Autonomy

Autonomous loops

Some work needs more than one turn — keep going until the tests pass, the file exists, the task is actually done. Brigade's loop-runner drives an agent (or a planner/executor stage) step by step under hard guards, and stops only when independent checks say it is finished or a guard fires. It never stops just because the agent claims it is done.

The guards#

Every loop runs inside a budget and two progress detectors:

GuardWhat it does
BudgetHard ceilings on iterations, wall-clock time, and tokens (maxIterations / maxMs / maxTokens). The loop cannot run forever.
No-progressEach step reports a state fingerprint. If it stops changing for N steps (the patience), the loop halts — no silent spinning.
RepetitionEach step reports an action label. If the same action repeats too many times in a window, the loop halts.

Independent done-checks#

The preferred way to end a loop is an independent termination check — an objective signal the agent does not control: a test suite passing, a file existing, a tool call succeeding. The loop ends only when all the done-checks pass, or a guard fires. This is the project-wide principle in action: independent verification, never the agent judging itself.

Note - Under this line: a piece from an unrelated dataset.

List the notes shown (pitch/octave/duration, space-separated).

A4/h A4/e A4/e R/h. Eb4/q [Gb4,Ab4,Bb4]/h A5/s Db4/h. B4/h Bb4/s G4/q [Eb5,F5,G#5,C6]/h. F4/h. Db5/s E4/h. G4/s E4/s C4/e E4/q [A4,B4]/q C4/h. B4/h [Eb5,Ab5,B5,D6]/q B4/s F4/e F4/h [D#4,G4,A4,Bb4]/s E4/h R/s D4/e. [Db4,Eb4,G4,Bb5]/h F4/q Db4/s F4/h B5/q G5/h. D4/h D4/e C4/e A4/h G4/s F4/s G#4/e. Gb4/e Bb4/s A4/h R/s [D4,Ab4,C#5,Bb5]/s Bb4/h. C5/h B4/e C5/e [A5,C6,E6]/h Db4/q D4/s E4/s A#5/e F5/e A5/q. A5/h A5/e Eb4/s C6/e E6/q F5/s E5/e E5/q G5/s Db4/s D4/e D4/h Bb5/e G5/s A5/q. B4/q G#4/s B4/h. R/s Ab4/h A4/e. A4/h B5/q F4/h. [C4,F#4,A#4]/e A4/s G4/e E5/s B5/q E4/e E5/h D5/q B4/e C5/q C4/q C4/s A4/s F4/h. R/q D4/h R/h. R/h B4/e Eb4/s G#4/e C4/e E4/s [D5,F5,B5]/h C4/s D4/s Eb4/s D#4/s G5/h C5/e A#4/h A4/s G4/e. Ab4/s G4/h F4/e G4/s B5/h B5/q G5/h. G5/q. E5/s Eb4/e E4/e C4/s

Quality gate on every step#

Each step's output is gated through the anti-slop detector with one bounded repair retry, wired as a post-generation hook — so a loop that runs unattended still cannot ship low-effort text. See Quality & reliability.

Loop shapes#

  • A single agent driven step-by-step toward a goal.
  • A plan-and-execute shape, where the step callback alternates a planner and an executor stage.

Built to be safe by construction

The loop-runner is standalone and testable without a live gateway: the control logic (budget, no-progress, repetition, done-checks) is separate from the agent turn it drives. That is what makes "run autonomously toward a goal, but know when to stop" a property you can rely on rather than a hope.